[Opening Data for this exercise section]

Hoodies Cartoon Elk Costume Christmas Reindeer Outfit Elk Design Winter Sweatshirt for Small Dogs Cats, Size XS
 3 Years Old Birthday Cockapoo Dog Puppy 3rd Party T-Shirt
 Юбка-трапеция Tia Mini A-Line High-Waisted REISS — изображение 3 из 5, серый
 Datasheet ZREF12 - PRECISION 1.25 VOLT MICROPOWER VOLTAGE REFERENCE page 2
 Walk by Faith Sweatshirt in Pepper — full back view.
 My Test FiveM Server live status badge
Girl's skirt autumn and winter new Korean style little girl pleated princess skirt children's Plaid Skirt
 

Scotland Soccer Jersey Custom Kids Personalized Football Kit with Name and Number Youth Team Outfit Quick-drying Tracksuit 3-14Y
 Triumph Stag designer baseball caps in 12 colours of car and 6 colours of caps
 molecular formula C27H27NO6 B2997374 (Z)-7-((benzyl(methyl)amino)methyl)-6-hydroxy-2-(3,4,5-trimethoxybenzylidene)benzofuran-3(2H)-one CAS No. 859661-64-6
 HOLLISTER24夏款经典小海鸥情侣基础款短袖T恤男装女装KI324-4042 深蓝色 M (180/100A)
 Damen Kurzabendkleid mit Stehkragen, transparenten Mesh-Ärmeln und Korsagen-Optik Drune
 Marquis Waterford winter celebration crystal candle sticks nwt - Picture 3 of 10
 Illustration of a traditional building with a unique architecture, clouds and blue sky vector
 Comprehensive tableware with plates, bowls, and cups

[Closing Data for this exercise section]

* Problem to solve
What is needed is an exact copy of the line containing "molecular formula C27H27NO6" and each line after it, through the final line of the entries above.

* Problem solution
 molecular formula C27H27NO6 B2997374 (Z)-7-((benzyl(methyl)amino)methyl)-6-hydroxy-2-(3,4,5-trimethoxybenzylidene)benzofuran-3(2H)-one CAS No. 859661-64-6
 HOLLISTER24夏款经典小海鸥情侣基础款短袖T恤男装女装KI324-4042 深蓝色 M (180/100A)
 Damen Kurzabendkleid mit Stehkragen, transparenten Mesh-Ärmeln und Korsagen-Optik Drune
 Marquis Waterford winter celebration crystal candle sticks nwt - Picture 3 of 10
 Illustration of a traditional building with a unique architecture, clouds and blue sky vector
 Comprehensive tableware with plates, bowls, and cups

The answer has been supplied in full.